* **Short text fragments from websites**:
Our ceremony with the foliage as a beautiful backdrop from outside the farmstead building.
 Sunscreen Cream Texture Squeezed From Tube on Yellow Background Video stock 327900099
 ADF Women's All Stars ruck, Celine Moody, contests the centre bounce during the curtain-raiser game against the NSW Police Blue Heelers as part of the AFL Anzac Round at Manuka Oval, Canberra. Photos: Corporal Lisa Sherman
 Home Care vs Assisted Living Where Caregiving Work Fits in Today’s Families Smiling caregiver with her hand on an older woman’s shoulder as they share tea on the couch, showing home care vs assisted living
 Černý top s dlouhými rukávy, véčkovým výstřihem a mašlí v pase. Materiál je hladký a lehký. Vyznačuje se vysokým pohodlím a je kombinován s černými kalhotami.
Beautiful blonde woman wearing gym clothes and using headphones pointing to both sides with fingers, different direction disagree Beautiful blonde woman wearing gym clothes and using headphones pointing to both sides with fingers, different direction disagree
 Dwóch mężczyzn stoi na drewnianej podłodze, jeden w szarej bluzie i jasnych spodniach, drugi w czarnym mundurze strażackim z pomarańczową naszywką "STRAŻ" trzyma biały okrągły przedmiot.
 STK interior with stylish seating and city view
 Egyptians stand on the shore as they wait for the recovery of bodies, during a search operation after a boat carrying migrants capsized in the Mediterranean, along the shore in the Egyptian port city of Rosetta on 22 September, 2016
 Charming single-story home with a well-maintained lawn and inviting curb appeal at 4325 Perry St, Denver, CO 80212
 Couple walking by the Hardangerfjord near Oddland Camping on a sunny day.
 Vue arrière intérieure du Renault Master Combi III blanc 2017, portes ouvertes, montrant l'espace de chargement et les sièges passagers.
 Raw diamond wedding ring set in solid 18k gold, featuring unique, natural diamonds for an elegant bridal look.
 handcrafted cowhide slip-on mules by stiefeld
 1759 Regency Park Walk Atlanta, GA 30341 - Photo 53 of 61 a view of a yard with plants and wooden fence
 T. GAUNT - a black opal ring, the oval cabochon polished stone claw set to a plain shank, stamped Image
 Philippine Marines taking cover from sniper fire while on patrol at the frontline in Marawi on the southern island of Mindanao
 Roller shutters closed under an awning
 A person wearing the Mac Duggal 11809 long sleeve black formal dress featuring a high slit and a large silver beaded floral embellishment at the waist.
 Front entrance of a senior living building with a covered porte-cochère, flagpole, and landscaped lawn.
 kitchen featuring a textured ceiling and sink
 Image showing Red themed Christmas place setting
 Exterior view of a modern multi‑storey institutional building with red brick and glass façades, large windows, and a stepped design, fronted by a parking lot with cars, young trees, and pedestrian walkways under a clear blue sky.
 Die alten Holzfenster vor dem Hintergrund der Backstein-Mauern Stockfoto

* **How to complete this task**:
Scan the entries above and report the number of lines that contain the word "black", with no added text.

* **Answer for the task**:
2